Pendant l'exercice, les femmes ont tendance à utiliser davantage les graisses comme source d'énergie tout en conservant leurs réserves de glucides, bien que ces derniers restent essentiels pour soutenir la performance de course. Bien qu'elles brûlent une plus grande proportion de graisses pendant l'activité, les femmes peuvent perdre du poids plus lentement en cas de déficit calorique en raison de l'efficacité de leur corps à stocker les graisses pendant les périodes sans exercice.
En raison de ces différences physiologiques, les coureuses doivent être particulièrement attentives à leur alimentation. Il est essentiel d'avoir un apport équilibré en glucides, protéines et lipides, les besoins variant en fonction de la charge d'entraînement. Pour une bonne condition physique générale, voici une recommandation concernant les groupes alimentaires dont devraient provenir les calories :
45 à 55 % des calories provenant des glucides
15 à 20 % des calories provenant des protéines
25 à 35 % provenant des lipides
Cependant, les athlètes féminines qui s'entraînent à des volumes plus élevés ont des besoins plus importants : généralement 5 à 8 g de glucides par kg de poids corporel par jour pour reconstituer leurs réserves de glycogène, et 1,2 à 2,2 g par kg de poids corporel par jour pour maintenir leur masse musculaire et favoriser leur récupération.
Comprendre ces différences métaboliques et hormonales permet aux femmes de s'alimenter de manière à optimiser leur énergie, leur performance et leur santé à long terme.
Nutrition tout au long du cycle menstruel
Synchroniser le cycle menstruel est devenu un sujet d'actualité dans le monde de la course à pied, mais il n'est ni réaliste ni nécessaire de planifier chaque entraînement en fonction de votre cycle, d'autant plus qu'il est impossible de prédire avec exactitude dans quelle phase vous vous trouverez le jour de la course.

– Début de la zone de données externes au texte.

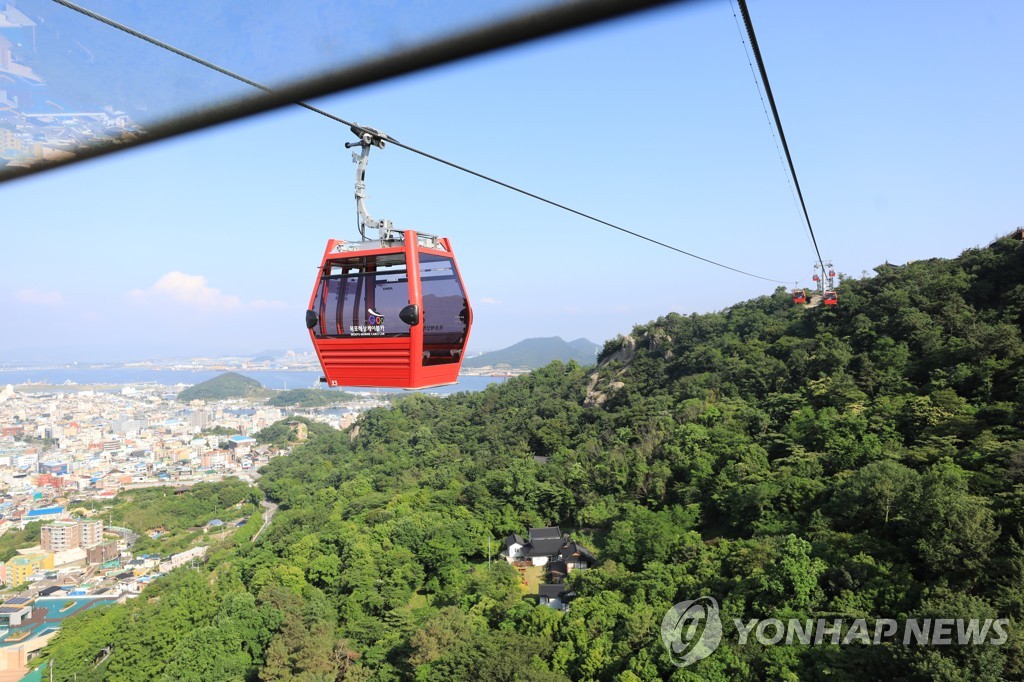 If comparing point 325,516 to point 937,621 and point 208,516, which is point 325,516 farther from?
point 937,621

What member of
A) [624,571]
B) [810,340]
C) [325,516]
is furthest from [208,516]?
[810,340]

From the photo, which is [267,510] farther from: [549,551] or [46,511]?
[549,551] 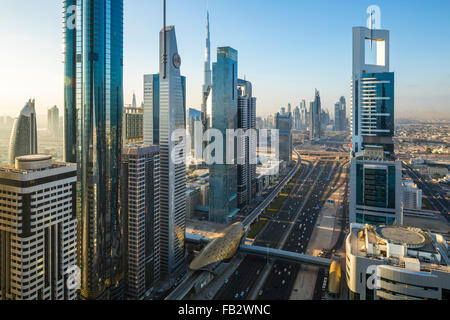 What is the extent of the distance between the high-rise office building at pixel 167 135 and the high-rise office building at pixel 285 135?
59159 millimetres

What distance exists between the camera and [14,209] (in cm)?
1619

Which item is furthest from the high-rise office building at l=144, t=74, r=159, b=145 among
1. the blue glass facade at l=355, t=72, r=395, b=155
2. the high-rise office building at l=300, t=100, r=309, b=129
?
the high-rise office building at l=300, t=100, r=309, b=129

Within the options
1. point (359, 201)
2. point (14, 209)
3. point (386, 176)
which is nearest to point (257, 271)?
point (359, 201)

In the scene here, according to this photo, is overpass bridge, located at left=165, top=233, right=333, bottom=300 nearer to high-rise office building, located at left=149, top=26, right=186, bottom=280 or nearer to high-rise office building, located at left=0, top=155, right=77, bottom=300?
high-rise office building, located at left=149, top=26, right=186, bottom=280

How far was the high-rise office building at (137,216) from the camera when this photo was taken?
83.6 feet

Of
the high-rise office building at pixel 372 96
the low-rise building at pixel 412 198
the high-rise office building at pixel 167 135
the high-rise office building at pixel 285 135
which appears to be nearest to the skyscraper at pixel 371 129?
the high-rise office building at pixel 372 96

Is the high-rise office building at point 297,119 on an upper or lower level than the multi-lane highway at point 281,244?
upper

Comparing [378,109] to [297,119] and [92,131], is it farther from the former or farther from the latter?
[297,119]

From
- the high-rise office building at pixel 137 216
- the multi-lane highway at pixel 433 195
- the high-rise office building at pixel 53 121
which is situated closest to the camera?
the high-rise office building at pixel 53 121

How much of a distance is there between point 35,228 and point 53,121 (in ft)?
36.5

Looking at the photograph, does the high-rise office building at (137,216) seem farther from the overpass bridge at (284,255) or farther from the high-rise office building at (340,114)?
the high-rise office building at (340,114)

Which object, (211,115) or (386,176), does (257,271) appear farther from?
(211,115)

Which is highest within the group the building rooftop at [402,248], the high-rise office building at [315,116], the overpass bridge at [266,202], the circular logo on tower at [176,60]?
the high-rise office building at [315,116]

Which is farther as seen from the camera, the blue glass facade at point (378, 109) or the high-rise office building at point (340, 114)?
the high-rise office building at point (340, 114)
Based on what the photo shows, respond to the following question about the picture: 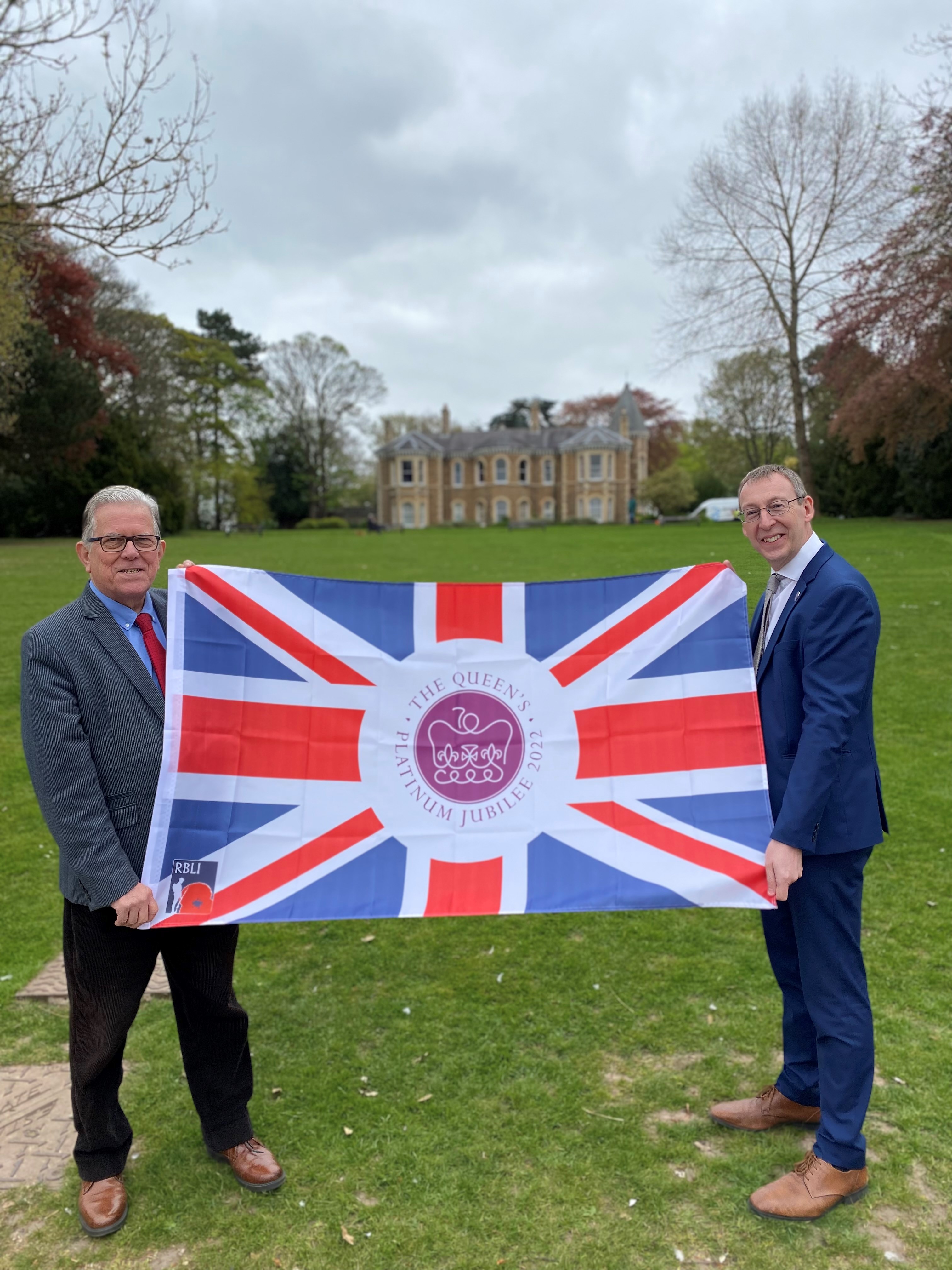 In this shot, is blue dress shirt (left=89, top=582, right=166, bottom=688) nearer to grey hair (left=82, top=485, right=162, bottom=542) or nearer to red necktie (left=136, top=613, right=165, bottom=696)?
red necktie (left=136, top=613, right=165, bottom=696)

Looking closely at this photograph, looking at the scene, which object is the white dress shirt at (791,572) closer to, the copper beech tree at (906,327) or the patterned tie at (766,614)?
the patterned tie at (766,614)

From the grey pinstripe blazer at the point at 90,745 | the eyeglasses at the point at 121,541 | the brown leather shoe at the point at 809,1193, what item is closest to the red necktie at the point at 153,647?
the grey pinstripe blazer at the point at 90,745

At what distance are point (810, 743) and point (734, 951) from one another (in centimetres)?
260

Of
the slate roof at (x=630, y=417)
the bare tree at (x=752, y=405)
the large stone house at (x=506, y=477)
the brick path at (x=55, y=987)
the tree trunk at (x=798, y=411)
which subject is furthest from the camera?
the slate roof at (x=630, y=417)

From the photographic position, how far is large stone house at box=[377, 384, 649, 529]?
2977 inches

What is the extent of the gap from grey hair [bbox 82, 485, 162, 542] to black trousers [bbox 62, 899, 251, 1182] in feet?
4.42

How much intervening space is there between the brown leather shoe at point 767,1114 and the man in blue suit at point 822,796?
275mm

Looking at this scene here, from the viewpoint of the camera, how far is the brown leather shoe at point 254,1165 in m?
3.17

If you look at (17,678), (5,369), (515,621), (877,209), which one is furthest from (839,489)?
(515,621)

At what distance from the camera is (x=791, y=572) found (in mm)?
3090

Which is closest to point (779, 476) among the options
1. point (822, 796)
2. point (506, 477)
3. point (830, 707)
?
point (830, 707)

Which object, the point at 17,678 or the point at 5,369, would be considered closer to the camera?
the point at 17,678

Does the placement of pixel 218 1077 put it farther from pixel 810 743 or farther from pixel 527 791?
pixel 810 743

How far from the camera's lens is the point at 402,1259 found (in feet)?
9.35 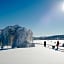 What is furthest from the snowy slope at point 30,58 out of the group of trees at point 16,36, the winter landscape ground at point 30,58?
the group of trees at point 16,36

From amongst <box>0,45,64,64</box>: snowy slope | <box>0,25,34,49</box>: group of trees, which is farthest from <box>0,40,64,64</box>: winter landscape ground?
<box>0,25,34,49</box>: group of trees

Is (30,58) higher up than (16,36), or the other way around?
(16,36)

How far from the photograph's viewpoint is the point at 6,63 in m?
8.80

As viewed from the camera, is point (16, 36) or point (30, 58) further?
point (16, 36)

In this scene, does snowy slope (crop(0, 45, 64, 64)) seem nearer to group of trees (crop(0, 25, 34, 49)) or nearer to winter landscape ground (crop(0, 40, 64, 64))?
winter landscape ground (crop(0, 40, 64, 64))

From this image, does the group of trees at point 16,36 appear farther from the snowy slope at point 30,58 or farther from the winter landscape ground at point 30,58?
the snowy slope at point 30,58

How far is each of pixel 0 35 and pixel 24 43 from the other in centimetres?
823

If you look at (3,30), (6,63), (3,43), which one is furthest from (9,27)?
(6,63)

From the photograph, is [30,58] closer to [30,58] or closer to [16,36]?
[30,58]

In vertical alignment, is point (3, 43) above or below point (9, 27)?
below

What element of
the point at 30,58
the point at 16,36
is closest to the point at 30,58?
the point at 30,58

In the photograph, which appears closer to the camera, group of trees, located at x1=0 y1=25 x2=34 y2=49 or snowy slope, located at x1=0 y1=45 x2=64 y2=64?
snowy slope, located at x1=0 y1=45 x2=64 y2=64

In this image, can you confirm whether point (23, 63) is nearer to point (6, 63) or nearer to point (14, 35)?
point (6, 63)

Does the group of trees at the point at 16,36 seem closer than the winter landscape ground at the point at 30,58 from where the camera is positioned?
No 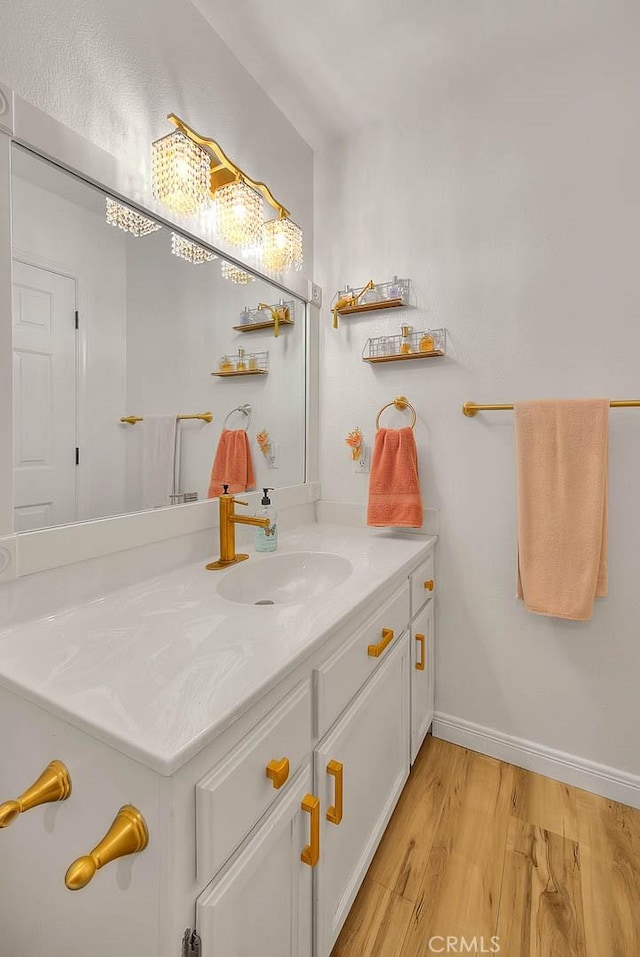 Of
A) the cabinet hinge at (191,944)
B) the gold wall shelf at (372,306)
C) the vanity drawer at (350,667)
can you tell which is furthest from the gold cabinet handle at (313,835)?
the gold wall shelf at (372,306)

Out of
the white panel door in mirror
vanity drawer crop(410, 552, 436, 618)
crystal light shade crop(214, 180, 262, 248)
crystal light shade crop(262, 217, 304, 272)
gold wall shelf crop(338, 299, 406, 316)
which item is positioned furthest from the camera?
gold wall shelf crop(338, 299, 406, 316)

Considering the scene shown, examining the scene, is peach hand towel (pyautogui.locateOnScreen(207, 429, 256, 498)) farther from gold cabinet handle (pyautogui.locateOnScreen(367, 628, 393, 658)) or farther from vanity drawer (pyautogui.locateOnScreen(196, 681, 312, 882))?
vanity drawer (pyautogui.locateOnScreen(196, 681, 312, 882))

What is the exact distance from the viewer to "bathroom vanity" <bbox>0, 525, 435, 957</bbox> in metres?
0.57

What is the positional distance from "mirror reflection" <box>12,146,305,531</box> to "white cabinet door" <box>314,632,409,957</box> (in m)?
0.75

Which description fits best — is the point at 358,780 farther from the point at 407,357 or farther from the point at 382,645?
the point at 407,357

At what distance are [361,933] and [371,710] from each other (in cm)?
51

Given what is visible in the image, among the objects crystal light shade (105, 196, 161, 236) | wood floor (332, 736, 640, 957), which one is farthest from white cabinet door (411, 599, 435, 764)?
crystal light shade (105, 196, 161, 236)

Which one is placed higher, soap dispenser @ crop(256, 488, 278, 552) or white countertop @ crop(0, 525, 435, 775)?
soap dispenser @ crop(256, 488, 278, 552)

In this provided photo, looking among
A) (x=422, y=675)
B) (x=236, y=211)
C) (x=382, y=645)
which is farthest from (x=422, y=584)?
(x=236, y=211)

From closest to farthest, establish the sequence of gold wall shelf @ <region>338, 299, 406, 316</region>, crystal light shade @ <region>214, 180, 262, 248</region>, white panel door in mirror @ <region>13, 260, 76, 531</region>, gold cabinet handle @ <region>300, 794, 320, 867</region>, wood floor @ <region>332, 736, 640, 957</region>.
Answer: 1. gold cabinet handle @ <region>300, 794, 320, 867</region>
2. white panel door in mirror @ <region>13, 260, 76, 531</region>
3. wood floor @ <region>332, 736, 640, 957</region>
4. crystal light shade @ <region>214, 180, 262, 248</region>
5. gold wall shelf @ <region>338, 299, 406, 316</region>

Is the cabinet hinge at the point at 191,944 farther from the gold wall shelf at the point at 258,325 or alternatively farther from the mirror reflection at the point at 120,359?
the gold wall shelf at the point at 258,325

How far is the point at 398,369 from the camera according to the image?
5.89 ft

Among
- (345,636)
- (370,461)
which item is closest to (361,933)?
(345,636)

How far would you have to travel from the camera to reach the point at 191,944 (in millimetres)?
572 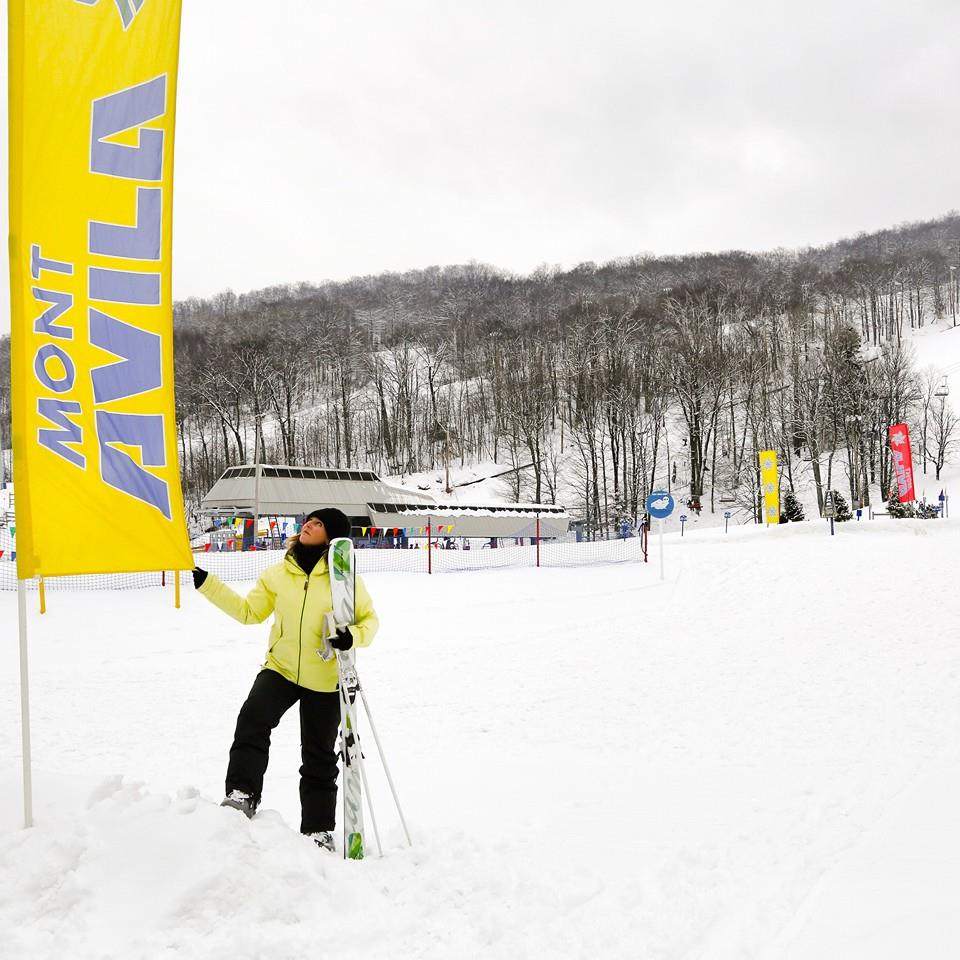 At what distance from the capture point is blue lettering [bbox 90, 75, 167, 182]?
396 centimetres

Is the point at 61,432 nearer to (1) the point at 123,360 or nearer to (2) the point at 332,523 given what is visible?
(1) the point at 123,360

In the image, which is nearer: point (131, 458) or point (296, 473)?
point (131, 458)

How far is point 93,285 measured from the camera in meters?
3.93

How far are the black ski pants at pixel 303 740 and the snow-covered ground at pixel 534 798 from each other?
1.26 feet

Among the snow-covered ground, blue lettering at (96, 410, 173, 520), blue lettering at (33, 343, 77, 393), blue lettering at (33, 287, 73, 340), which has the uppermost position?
blue lettering at (33, 287, 73, 340)

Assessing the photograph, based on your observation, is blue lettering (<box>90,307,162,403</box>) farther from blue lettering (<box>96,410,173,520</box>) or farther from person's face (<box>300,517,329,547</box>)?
person's face (<box>300,517,329,547</box>)

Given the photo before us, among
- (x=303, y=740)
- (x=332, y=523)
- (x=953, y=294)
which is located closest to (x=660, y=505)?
(x=332, y=523)

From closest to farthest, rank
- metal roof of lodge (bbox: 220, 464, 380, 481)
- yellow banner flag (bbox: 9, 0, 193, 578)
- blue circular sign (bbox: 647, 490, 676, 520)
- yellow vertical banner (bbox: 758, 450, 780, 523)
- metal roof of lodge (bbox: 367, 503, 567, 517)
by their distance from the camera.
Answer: yellow banner flag (bbox: 9, 0, 193, 578), blue circular sign (bbox: 647, 490, 676, 520), yellow vertical banner (bbox: 758, 450, 780, 523), metal roof of lodge (bbox: 220, 464, 380, 481), metal roof of lodge (bbox: 367, 503, 567, 517)

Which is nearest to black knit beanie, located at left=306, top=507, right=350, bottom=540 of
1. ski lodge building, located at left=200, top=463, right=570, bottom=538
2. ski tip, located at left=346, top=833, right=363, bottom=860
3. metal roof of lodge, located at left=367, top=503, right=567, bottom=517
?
ski tip, located at left=346, top=833, right=363, bottom=860

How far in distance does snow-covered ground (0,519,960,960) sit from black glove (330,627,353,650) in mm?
848

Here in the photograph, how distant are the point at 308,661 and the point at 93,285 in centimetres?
215

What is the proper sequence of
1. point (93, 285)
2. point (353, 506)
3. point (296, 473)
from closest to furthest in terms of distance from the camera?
point (93, 285) → point (296, 473) → point (353, 506)

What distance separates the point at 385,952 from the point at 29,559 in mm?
2236

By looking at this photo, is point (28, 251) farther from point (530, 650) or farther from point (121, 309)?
point (530, 650) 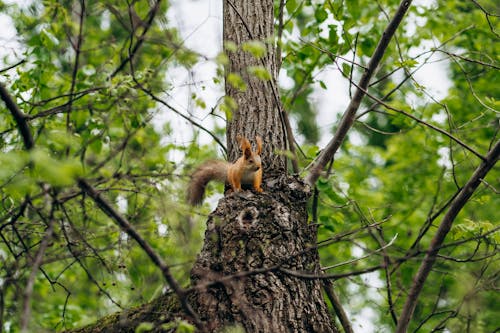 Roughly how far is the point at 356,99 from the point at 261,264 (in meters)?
1.31

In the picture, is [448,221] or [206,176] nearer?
[448,221]

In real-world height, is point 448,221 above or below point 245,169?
below

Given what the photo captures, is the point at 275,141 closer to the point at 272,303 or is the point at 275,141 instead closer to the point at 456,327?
the point at 272,303

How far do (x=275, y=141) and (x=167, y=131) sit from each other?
886mm

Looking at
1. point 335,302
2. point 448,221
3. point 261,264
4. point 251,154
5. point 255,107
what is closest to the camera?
point 261,264

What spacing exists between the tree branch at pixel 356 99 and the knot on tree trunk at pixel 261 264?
314 mm

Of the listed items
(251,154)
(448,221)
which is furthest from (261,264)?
(448,221)

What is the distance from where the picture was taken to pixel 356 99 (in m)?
3.63

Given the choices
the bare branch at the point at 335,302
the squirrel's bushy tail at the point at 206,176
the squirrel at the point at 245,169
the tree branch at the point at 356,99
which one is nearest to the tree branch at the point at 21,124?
the squirrel at the point at 245,169

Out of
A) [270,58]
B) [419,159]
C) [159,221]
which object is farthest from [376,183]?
[159,221]

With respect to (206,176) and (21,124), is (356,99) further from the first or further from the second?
(21,124)

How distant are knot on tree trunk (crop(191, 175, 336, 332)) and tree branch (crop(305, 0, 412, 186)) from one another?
0.31 meters

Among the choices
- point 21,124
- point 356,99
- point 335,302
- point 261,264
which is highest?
point 356,99

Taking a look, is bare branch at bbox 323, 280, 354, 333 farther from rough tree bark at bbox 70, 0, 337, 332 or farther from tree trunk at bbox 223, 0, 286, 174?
tree trunk at bbox 223, 0, 286, 174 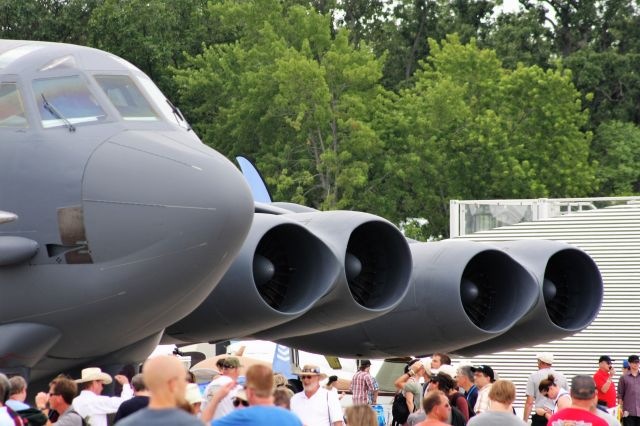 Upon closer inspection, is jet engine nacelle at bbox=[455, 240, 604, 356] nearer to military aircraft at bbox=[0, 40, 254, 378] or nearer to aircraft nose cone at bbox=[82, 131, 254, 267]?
military aircraft at bbox=[0, 40, 254, 378]

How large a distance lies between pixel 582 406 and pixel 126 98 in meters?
4.26

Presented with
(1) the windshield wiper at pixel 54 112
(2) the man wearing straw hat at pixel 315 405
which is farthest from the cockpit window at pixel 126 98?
(2) the man wearing straw hat at pixel 315 405

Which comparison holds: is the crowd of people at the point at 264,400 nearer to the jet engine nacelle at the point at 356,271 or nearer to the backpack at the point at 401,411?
the backpack at the point at 401,411

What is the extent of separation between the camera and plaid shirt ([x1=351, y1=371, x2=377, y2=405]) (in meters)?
16.7

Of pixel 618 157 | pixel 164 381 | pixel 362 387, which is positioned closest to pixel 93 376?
pixel 164 381

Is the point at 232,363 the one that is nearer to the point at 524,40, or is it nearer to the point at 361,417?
the point at 361,417

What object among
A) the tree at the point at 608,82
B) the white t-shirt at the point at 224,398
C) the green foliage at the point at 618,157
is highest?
the tree at the point at 608,82

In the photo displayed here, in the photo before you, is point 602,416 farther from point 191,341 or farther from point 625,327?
point 625,327

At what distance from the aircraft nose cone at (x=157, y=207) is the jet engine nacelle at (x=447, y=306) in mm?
3709

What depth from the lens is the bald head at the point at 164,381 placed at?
566cm

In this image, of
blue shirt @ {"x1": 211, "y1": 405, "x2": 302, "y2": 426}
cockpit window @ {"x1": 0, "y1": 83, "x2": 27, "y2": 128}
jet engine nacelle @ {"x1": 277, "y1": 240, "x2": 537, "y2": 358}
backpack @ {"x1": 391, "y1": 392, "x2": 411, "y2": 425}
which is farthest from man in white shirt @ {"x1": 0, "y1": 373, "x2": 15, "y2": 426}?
backpack @ {"x1": 391, "y1": 392, "x2": 411, "y2": 425}

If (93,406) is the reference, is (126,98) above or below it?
above

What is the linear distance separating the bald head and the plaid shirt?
1100 cm

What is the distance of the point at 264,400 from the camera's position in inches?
265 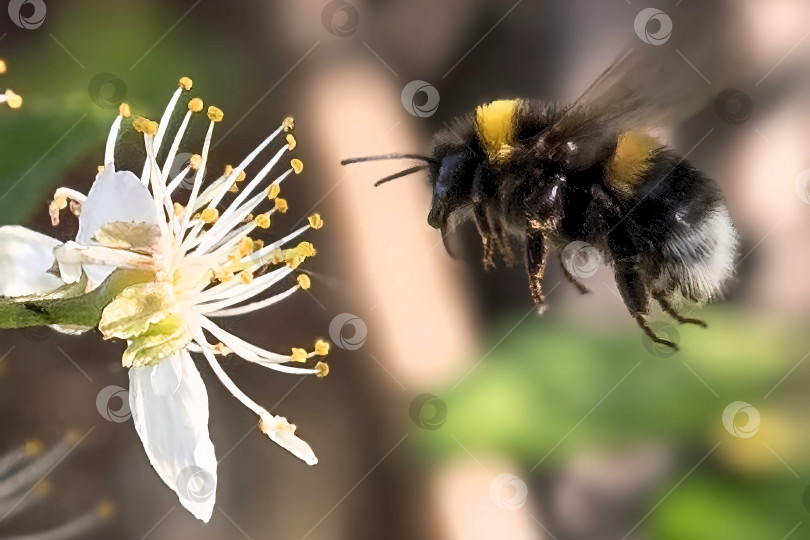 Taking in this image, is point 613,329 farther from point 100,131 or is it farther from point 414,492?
point 100,131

Au lieu de vous concentrer strictement sur la synchronisation de votre cycle, observez comment vous vous sentez à différents moments de votre cycle et adaptez votre alimentation, votre hydratation et vos stratégies de récupération afin de mieux soutenir votre corps. Veuillez poursuivre votre lecture pour en savoir plus sur les différentes phases de votre cycle et découvrir des conseils nutritionnels qui vous aideront à assurer une performance optimale à chaque phase.
Menstruation
Pendant les règles, les niveaux d'énergie peuvent baisser lorsque l'œstrogène et la progestérone atteignent leur niveau le plus bas, ce qui entraîne souvent une sensation de fatigue accrue :
Les symptômes physiques tels que les crampes, les ballonnements, les maux de tête, les changements d'humeur et les troubles digestifs peuvent rendre l'entraînement ou la compétition un challenge, même si cette phase peut être un moment optimal pour la performance.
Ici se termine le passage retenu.